Permettre que l’individu profite du groupe et que chaque individu trouve sa place dans le groupe : Même si la classe existe en tant que telle, elle ne doit pas faire oublier les individus qui la composent. Il faut trouver des dispositifs qui permettent à chacun d’évoluer à son rythme et de trouver sa place. Il faut aussi savoir quelquefois ajuster son action aux situations particulières propres à chaque élève. Au risque de ne pas appliquer un traitement égal à tous.
Ne pas culpabiliser. Dans beaucoup de cas, quand il y a conflit ou violence, ce n’est pas après vous que l’élève en a directement mais au représentant de l’institution scolaire porteuse d’une certaine “violence symbolique ». Ne pas oublier non plus que vous n’êtes pas seul et ne pas hésiter à en parler aux collègues de la même classe ou de l’école.

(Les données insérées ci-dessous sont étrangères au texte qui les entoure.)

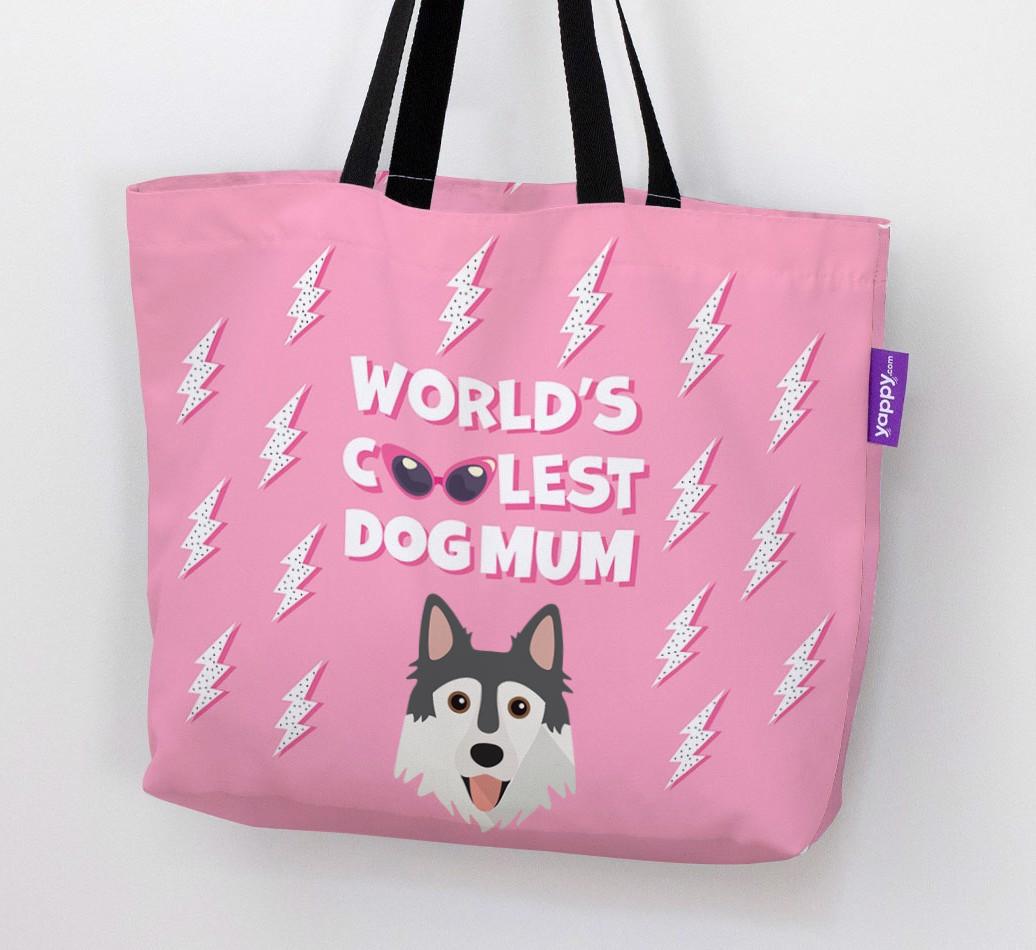 World's Coolest Dog Mum: Personalised {breedFullName} Canvas Bag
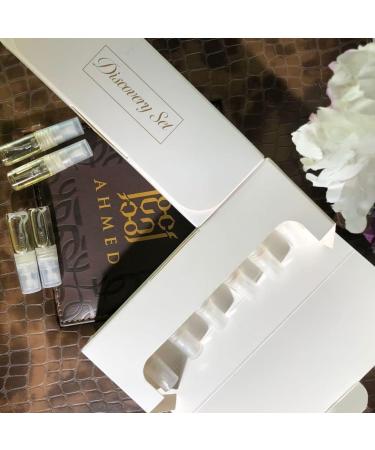 Ahmad Al Maghribi Perfume Samples (Mens Cologne Sampler Sets) Stuff for men - Muestras de perfumes rabes para hombres. Men Arabian Cologne Full Set (Masculine) - Buy Online on GoSupps.com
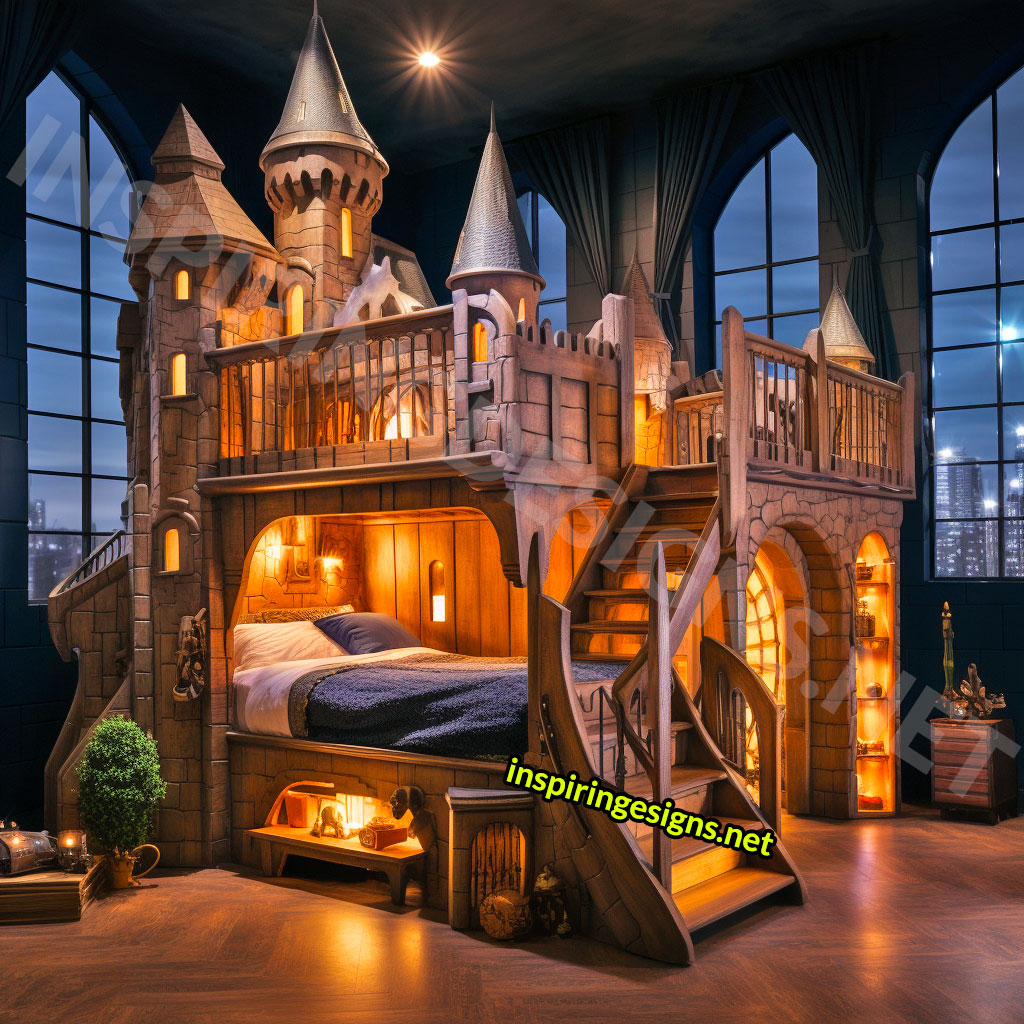 Giant Harry Potter Hogwarts Castle Kids Beds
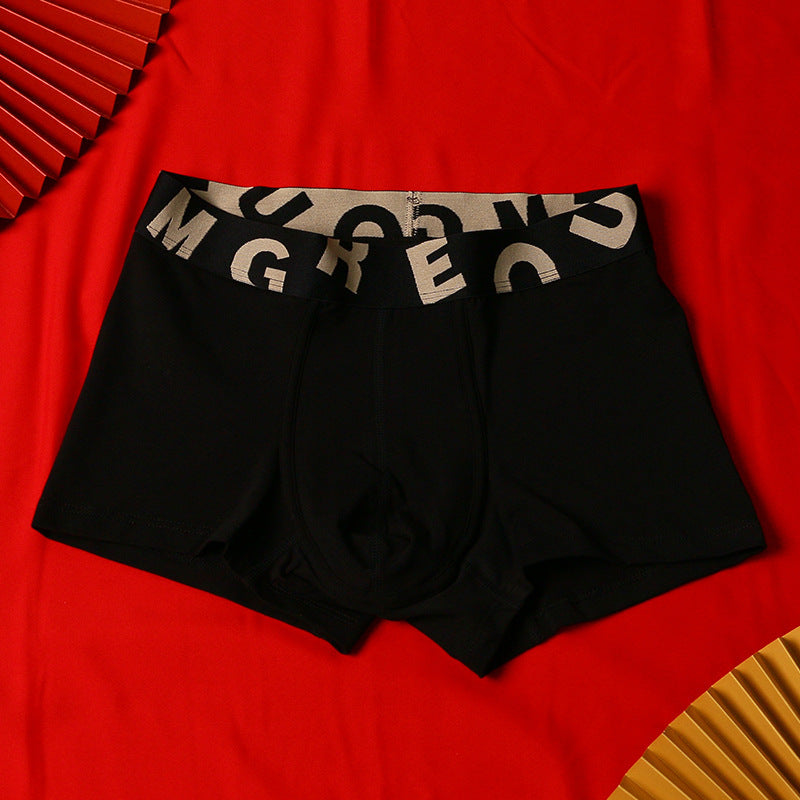 Jamie – Men's Underwear in Festive Red Cotton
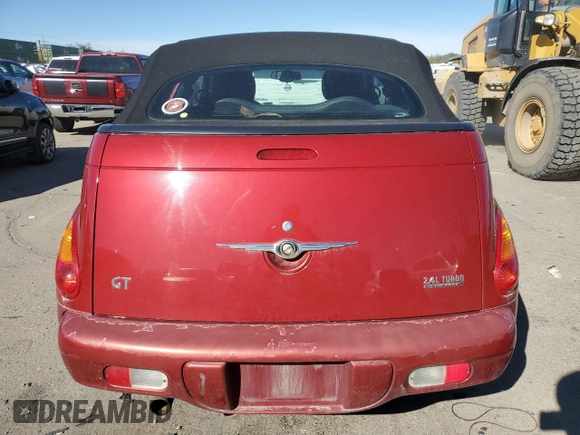 2005 Chrysler PT Cruiser GT with VIN 3C3AY75S55T621104, listed as a Copart auction lot 74982844 with 131,474 mi miles and Salvage Title. Bid and sale history available at carsss.com. Image 6.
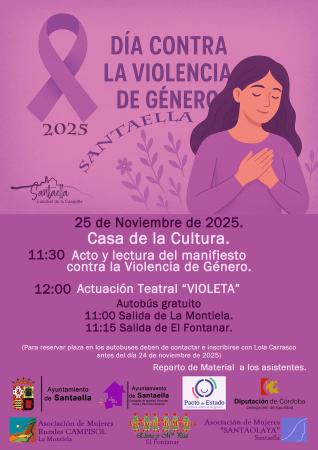 imagen de DIA CONTRA LA VIOLENCIA DE GENERO 2025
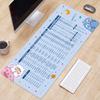 Oversized mouse pad menina atalho teclado computador pad toalha de mesa anime mesa teclado teclado mesa mesa almofada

Pour finir, je voudrais en effet rappeler que comme dans tous les métiers basés sur la relation, il importe de savoir prendre de la distance sur ce que l’on vit. Enseigner est un métier très prenant où l’on peut passer beaucoup de temps, y penser sans cesse... Le risque est celui du sur-investissement et de la culpabilisation. On ne peut pas assumer seul “toute la misère du monde”et nous avons tous nos limites. C’est bien pourquoi il vaut mieux vivre l’enseignement comme un métier plutôt que comme une “vocation”…
1 commentaire:
Même si professeur..des écoles et non pas du secondaire, j'adhère totalement à votre analyse. A part peut-être la "logique de l'honneur" qui se joue différemment , d'autant plus que les élèves sont jeunes. Pour ce qui est de la culpabilisation , tout à fait d'accord. Dommage que la hiérarchie ne soit pas au diapason de cette vision. Ainsi, un collègue(le genre pourtant que j'aurais souhaité à mes enfants d'avoir eu) qui se défend en inspection sur je ne sais plus quoi en disant "je suis désolé, mais ça je n'ai pas eu le temps" et à qui l'inspecteur a répondu "je ne veux pas entendre cette phrase dans la bouche d'un enseignant. On doit toujours se donner le temps...". Ca aussi c'est de la violence symbolique qui donne parfois envie de sortir les bonbonnes de gaz...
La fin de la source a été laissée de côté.